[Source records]

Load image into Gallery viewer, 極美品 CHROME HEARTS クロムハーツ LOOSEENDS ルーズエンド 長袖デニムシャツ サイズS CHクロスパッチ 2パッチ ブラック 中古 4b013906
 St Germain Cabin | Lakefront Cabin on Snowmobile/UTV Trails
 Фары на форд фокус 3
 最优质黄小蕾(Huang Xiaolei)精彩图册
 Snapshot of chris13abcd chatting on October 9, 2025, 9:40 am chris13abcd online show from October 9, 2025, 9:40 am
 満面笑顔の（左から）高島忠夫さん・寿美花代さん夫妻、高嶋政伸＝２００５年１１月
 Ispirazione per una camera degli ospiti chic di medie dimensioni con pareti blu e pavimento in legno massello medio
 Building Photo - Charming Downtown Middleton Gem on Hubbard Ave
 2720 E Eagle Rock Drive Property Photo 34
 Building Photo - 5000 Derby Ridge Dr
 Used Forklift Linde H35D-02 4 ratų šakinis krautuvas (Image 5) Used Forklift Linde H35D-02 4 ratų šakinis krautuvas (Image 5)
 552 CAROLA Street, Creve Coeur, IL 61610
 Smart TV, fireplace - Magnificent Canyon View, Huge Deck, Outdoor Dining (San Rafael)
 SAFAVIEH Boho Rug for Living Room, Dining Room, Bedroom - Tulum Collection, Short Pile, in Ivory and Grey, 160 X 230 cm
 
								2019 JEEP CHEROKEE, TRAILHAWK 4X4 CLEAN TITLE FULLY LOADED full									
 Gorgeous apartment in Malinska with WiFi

WHAT YOU ARE ASKED TO DO | The line with "SAFAVIEH Boho Rug", the last line of the data above, and every line between them should be duplicated exactly, with nothing else.

ANSWER SPACE |
 SAFAVIEH Boho Rug for Living Room, Dining Room, Bedroom - Tulum Collection, Short Pile, in Ivory and Grey, 160 X 230 cm
 
								2019 JEEP CHEROKEE, TRAILHAWK 4X4 CLEAN TITLE FULLY LOADED full									
 Gorgeous apartment in Malinska with WiFi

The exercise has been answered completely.